_WHAT YOU SHOULD DO_
Where the data below contains pictures, omit them; output the rest word for word.

Short web captions
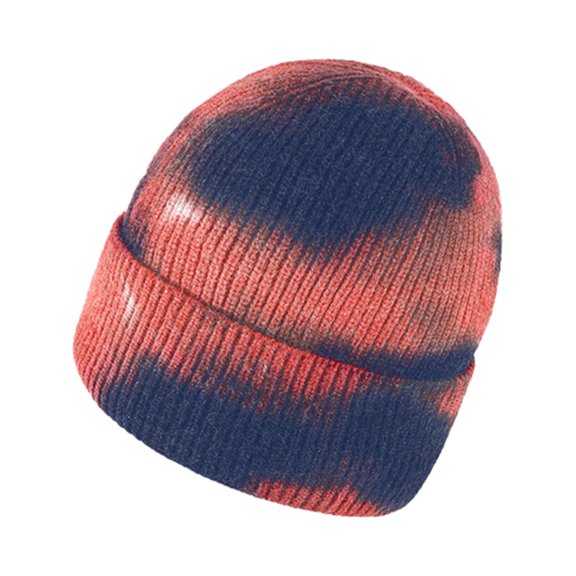 Diufon Winter Knitted Hat for Unisex-Adult Stretch Tie-dye Printed Beanie Hats Outdoor Windproof Ski Cap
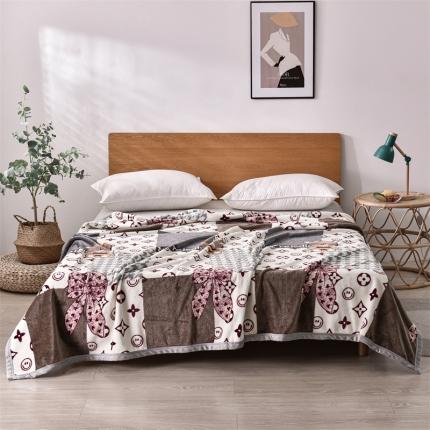 91家纺网 家纺一手货源 找家纺 爱她美家纺 2022新款300g金貂绒毛毯 蝴蝶结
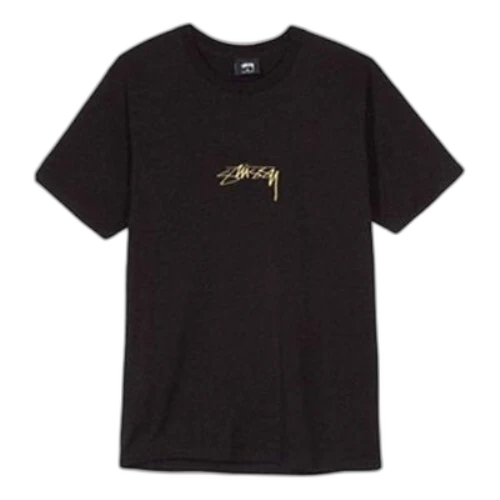 Stussy Smooth Stock Tee Embroidered Alphabet Logo Short Sleeve Unisex Black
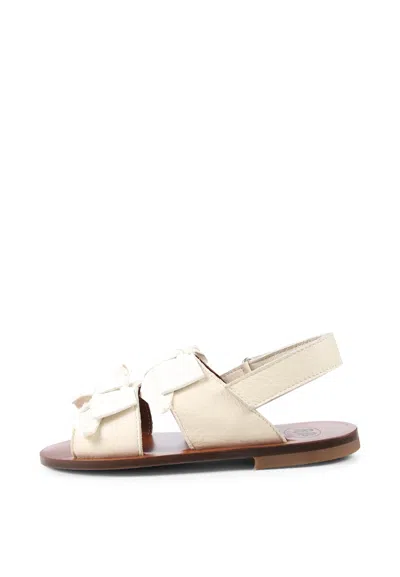 Pèpè Ivory Sandals For Girl In White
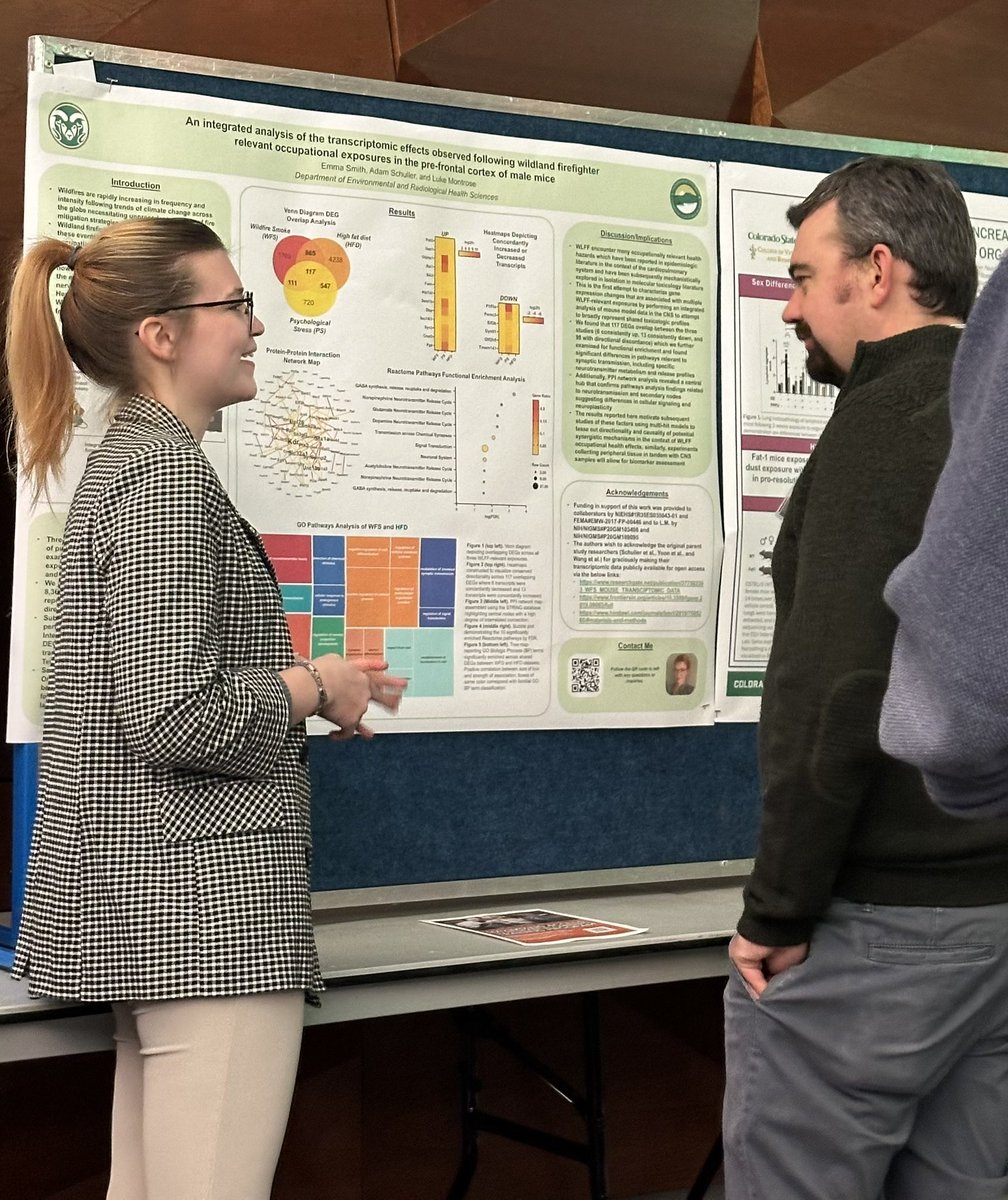 Adam Schuller (@_adamschuller) on Twitter photo Super proud of undergraduate mentee <a href="/emmajostudent/">Emma Smith</a> from the <a href="/LukeMontrose/">Luke Montrose</a> lab for presenting her amazing work performing a cross-study integrated transcriptomic analysis of #wildfire #smoke neurotox effects at the CVMBS research day! Super proud of undergraduate mentee <a href="/emmajostudent/">Emma Smith</a> from the <a href="/LukeMontrose/">Luke Montrose</a> lab for presenting her amazing work performing a cross-study integrated transcriptomic analysis of #wildfire #smoke neurotox effects at the CVMBS research day!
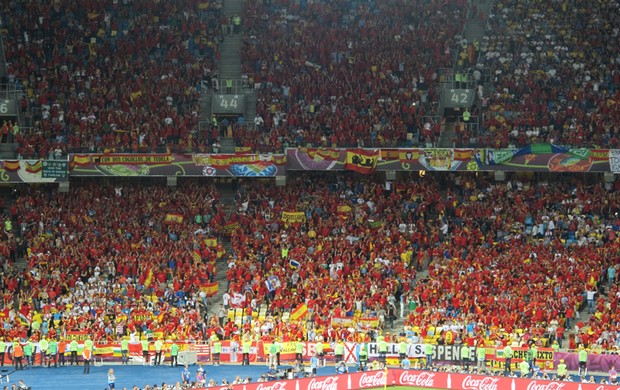 torcida espanha eurocopa final (Foto: Victor Canedo/Globoesporte.com)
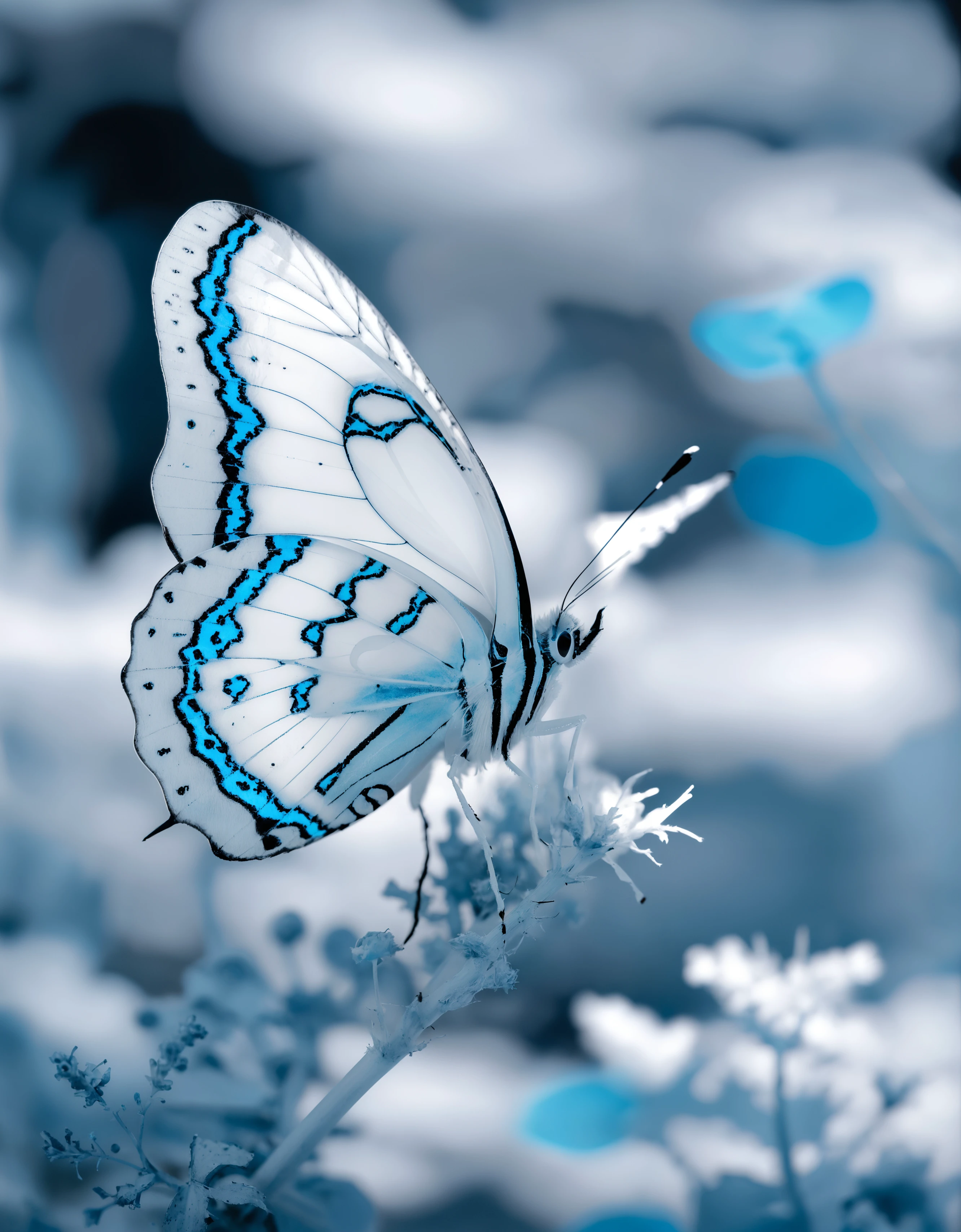 zavy-nfrrd, infrared, white, light-blue highlights, macro shot of a butterfly, 100mm f/2.8 macro lens,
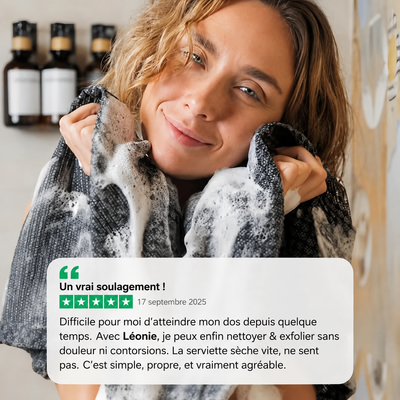 Serviette de douche exfoliante - Léonie
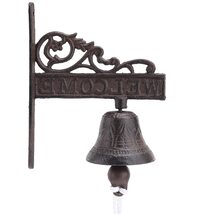 QSDGFH Outdoor Wall Bell, Cast Iron Door Bell Retro Bracket Mounts Bell ... - $80.10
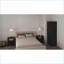 Ensemble de meubles de chambre à coucher 3 pièces pour l'organisation: Armoire London + 2 tables de chevet Omaha, noir | Panneau de particules | Noir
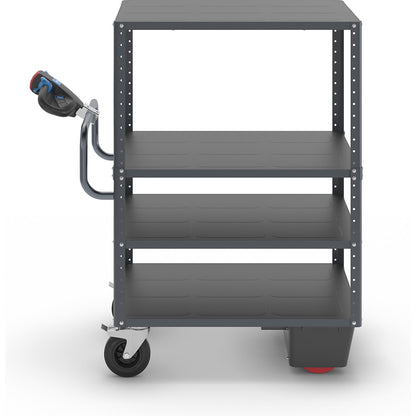 CustomLine shelf truck with electric drive, 4 shelves, charcoal RAL 7016, solid rubber.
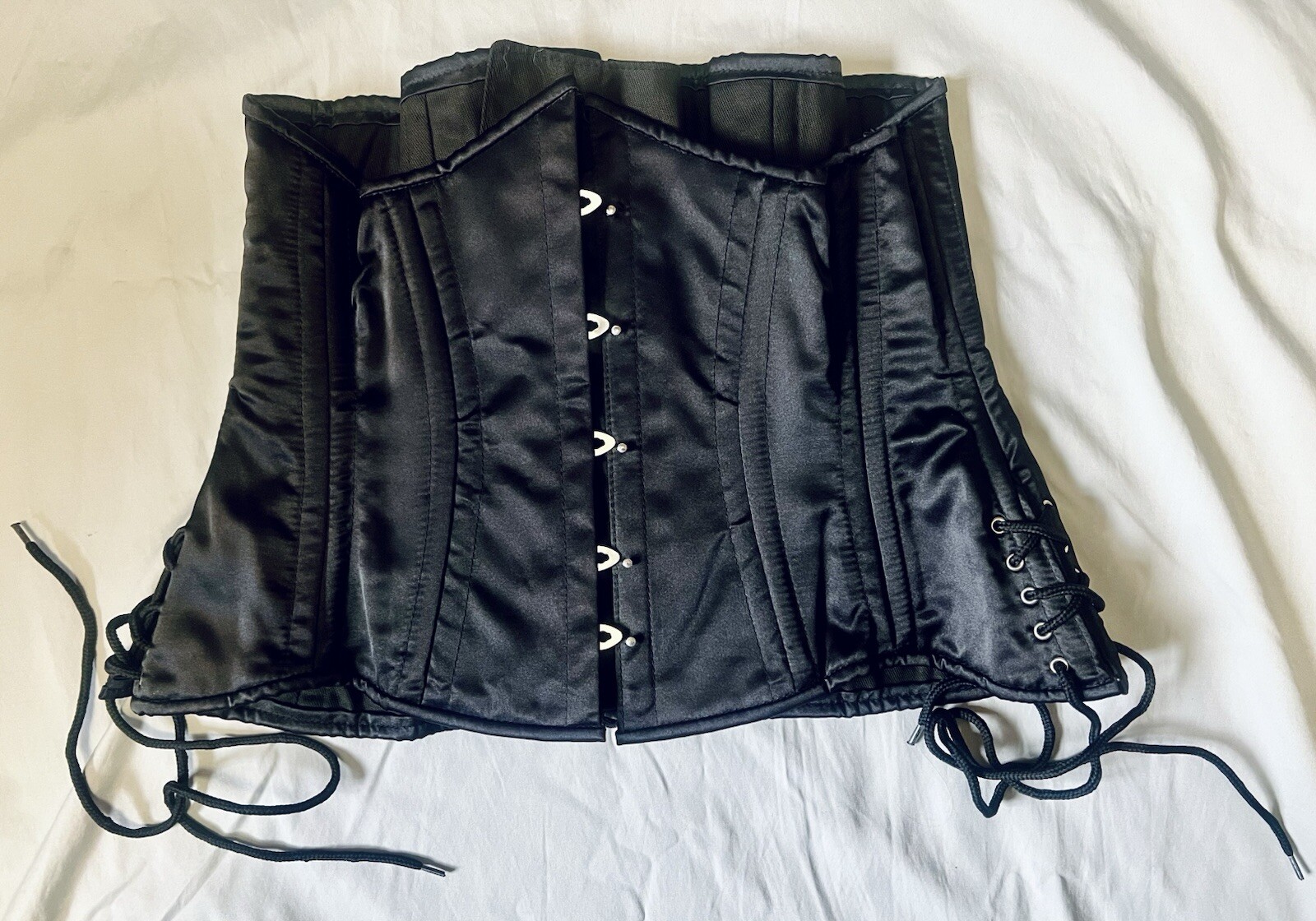 Orchard Corset CS-426 Satin Hourglass Underbust Longline 34 Black-image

_WRITTEN SOLUTION_
 Diufon Winter Knitted Hat for Unisex-Adult Stretch Tie-dye Printed Beanie Hats Outdoor Windproof Ski Cap
 91家纺网 家纺一手货源 找家纺 爱她美家纺 2022新款300g金貂绒毛毯 蝴蝶结
 Stussy Smooth Stock Tee Embroidered Alphabet Logo Short Sleeve Unisex Black
 Pèpè Ivory Sandals For Girl In White
 Adam Schuller (@_adamschuller) on Twitter photo Super proud of undergraduate mentee <a href="/emmajostudent/">Emma Smith</a> from the <a href="/LukeMontrose/">Luke Montrose</a> lab for presenting her amazing work performing a cross-study integrated transcriptomic analysis of #wildfire #smoke neurotox effects at the CVMBS research day! Super proud of undergraduate mentee <a href="/emmajostudent/">Emma Smith</a> from the <a href="/LukeMontrose/">Luke Montrose</a> lab for presenting her amazing work performing a cross-study integrated transcriptomic analysis of #wildfire #smoke neurotox effects at the CVMBS research day!
 torcida espanha eurocopa final (Foto: Victor Canedo/Globoesporte.com)
 zavy-nfrrd, infrared, white, light-blue highlights, macro shot of a butterfly, 100mm f/2.8 macro lens,
 Serviette de douche exfoliante - Léonie
 QSDGFH Outdoor Wall Bell, Cast Iron Door Bell Retro Bracket Mounts Bell ... - $80.10
 Ensemble de meubles de chambre à coucher 3 pièces pour l'organisation: Armoire London + 2 tables de chevet Omaha, noir | Panneau de particules | Noir
 CustomLine shelf truck with electric drive, 4 shelves, charcoal RAL 7016, solid rubber.
 Orchard Corset CS-426 Satin Hourglass Underbust Longline 34 Black-image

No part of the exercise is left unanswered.